→ **What to work on**: Only these lines of the data below are wanted: the one with "BLOG-Redon-Centaur aiming at the clouds", the one with "Borg & Beck", and any lines between them, each repeated exactly.

→ **Data supplied**:
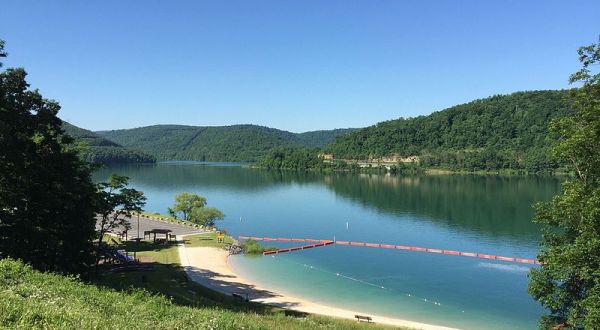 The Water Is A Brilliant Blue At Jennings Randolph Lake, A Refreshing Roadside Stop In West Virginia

* * *

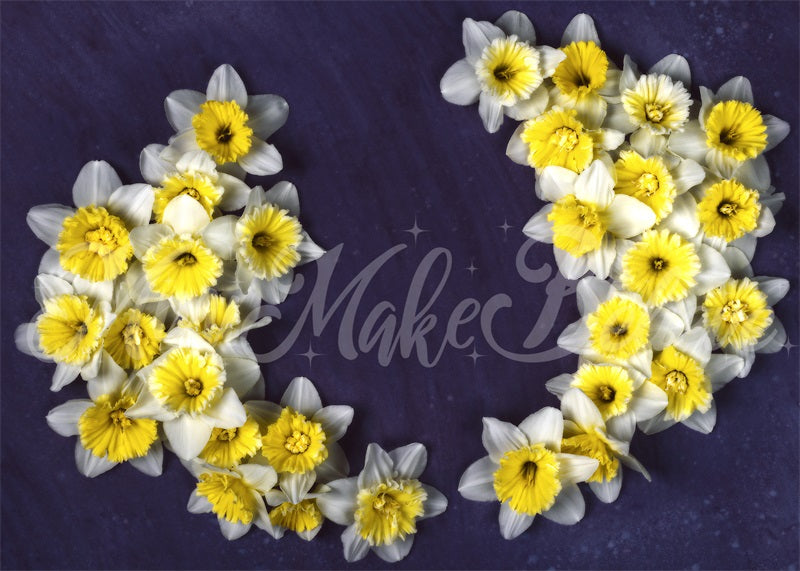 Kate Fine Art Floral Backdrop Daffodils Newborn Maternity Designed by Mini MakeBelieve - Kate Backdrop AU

--

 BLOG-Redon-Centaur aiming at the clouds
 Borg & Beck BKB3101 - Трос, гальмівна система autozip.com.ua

→ **Result of the task**:
 BLOG-Redon-Centaur aiming at the clouds
 Borg & Beck BKB3101 - Трос, гальмівна система autozip.com.ua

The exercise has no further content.